Profs on short list for memorial design
April 30, 1997
April marked the second anniversary of the worst terrorist attack on American soil. Two Iowa State professors may get the chance to help keep the memory of those 168 people killed in the attack alive.
The professors have been selected as finalists for an international design competition to create the Oklahoma City Memorial, a memorial to the victims of the April 19, 1995 bombing at the Alfred P. Murrah Federal Building in Oklahoma City.
The ISU team of Susan Herrington, assistant professor of landscape architecture, and Mark Stankard, assistant professor of architecture, is one of five finalists.

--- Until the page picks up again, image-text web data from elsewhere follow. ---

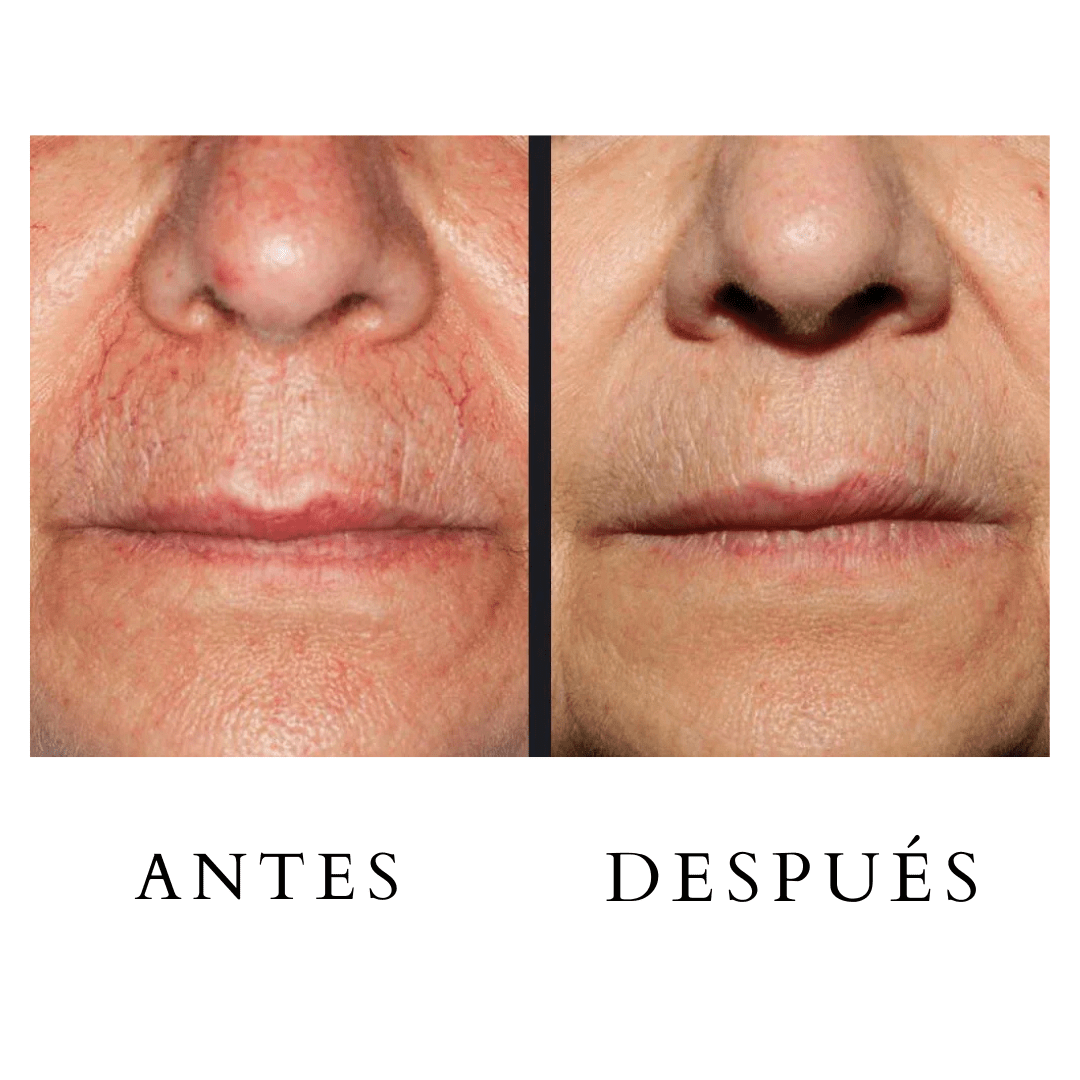 Depilaci Nl Efectos Secundarios Depilacion Laser Depilación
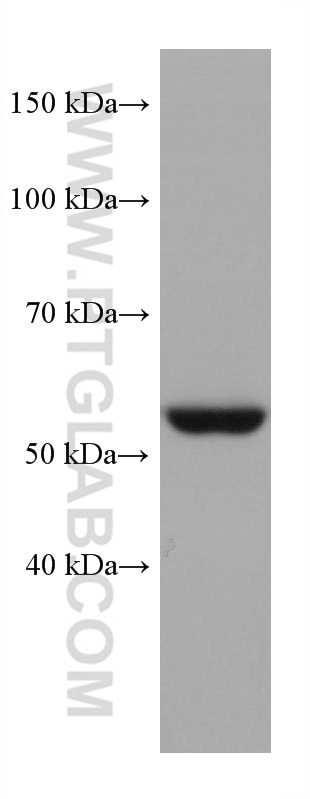 WB analysis of HeLa using 68016-1-Ig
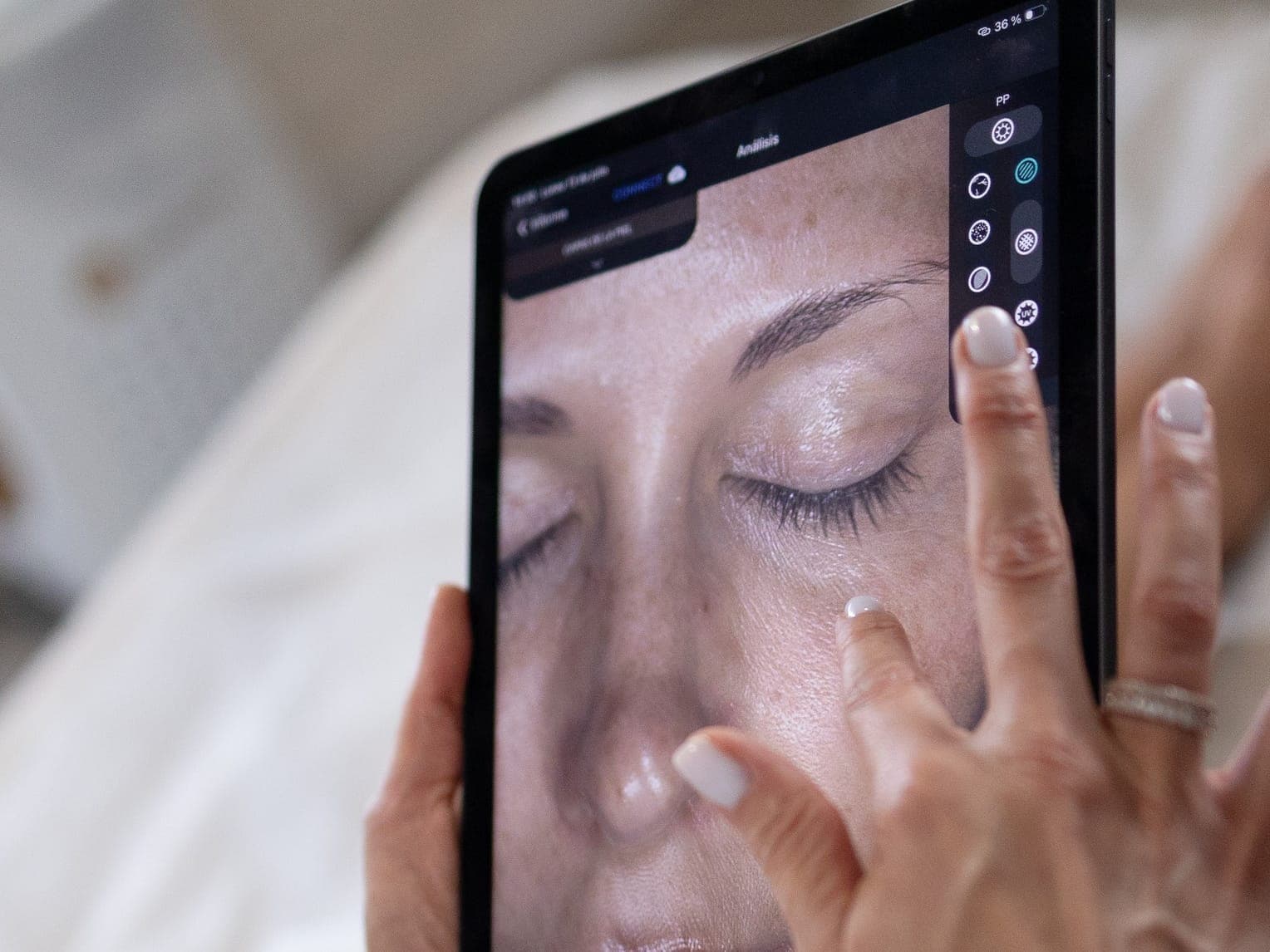 Análisis de la piel en la tableta, con las manchas y la textura a la vista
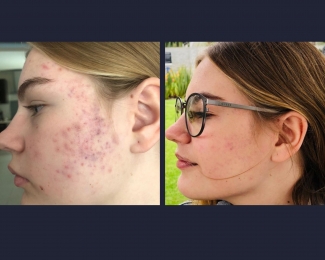 Dermatólogo - Dra. Diana Isabel Morán Maese - Puebla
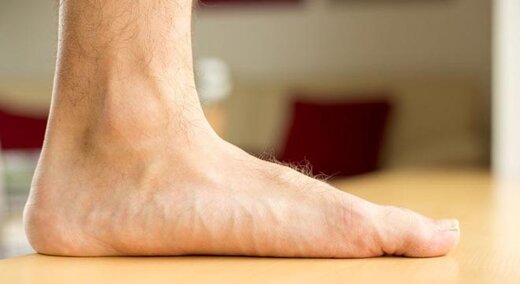 کف پای صاف چیست؟/ بهترین روش درمان خانگی کف پای صاف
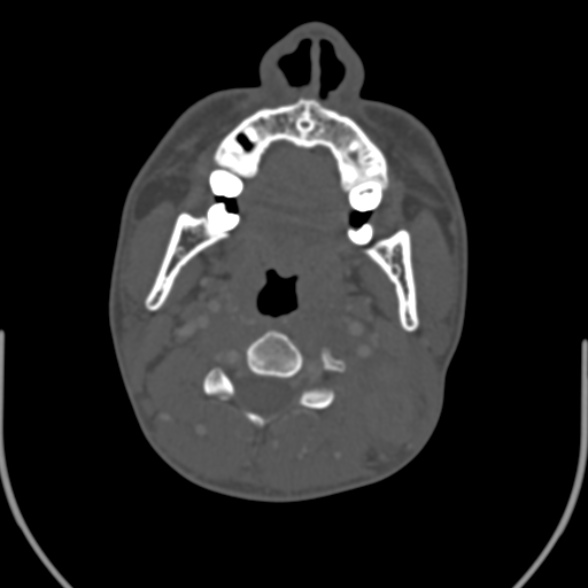 Nasopharyngeal carcinoma with skull base invasion (Radiopaedia 53415-59705 Axial bone window 91).jpg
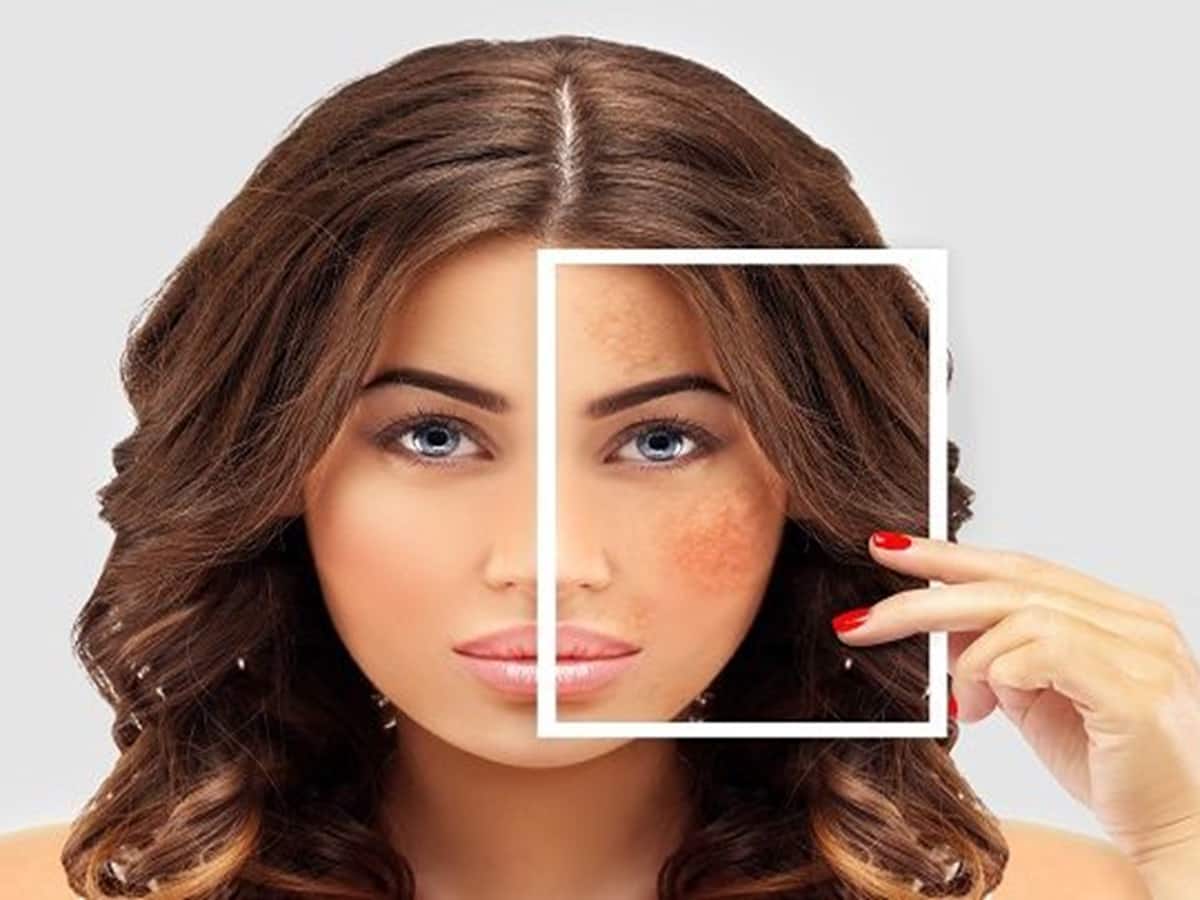 Avoid Hyperpigmentation In Summer With Exclusive Tips From Shahnaz Husain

Finalists were selected from all over the world including teams from Texas, New York, Germany, Illinois and Iowa.
The professors’ design was “a real collaborative effort,” Herrington said. Before designing could begin, Herrington said, team members had to research Oklahoma and the bombing, which Stankard worked on.
Herrington and Stankard’s final design proposal creates several experiences from the bombing to appear at the memorial site.
One area of the design features sidewalks with a surface display of quotes from those who survived the bombing.
Also included in Herrington and Stankard’s plan is a children’s play garden. The garden would contain 19 types of trees that together form a large circle.
Herrington said the different types of trees were chosen to commemorate each of the 19 children killed in the bombing.
In the plan, the circle of trees surrounds a spiral garden where children could play. A tree stands alone in a clearing, and poses as a resilient stage of hope, Herrington said. Other memorials would be incorporated.
Officials in charge of the memorial foundation said their goal is to create a memorial that will keep the memories of those killed alive forever.
“The common thread throughout is that each of the selected entries creates a place of remembrance that is timeless, not just an icon whose meaning and importance diminishes as memories fade,” an Oklahoma City Memorial Foundation spokesman said.
Herrington’s emphasis in landscape architecture has been with children’s gardens and day care centers, which is one reason why the bombing and the competition interested her, she said.
“We’re very proud of their work,” said Steve Sullivan, acting manager of ISU News Service.
Herrington earned her bachelor of landscape architecture degree in 1986 from the State University of New York in Syracuse. She later received her master of landscape architecture degree from Harvard in 1991.
Stankard received his bachelor of architecture in 1980 from the University of Notre Dame.
In 1985, he was an exchange scholar in the Ph.D. program at Princeton University. In 1987, he earned his master’s degree from Cornell University.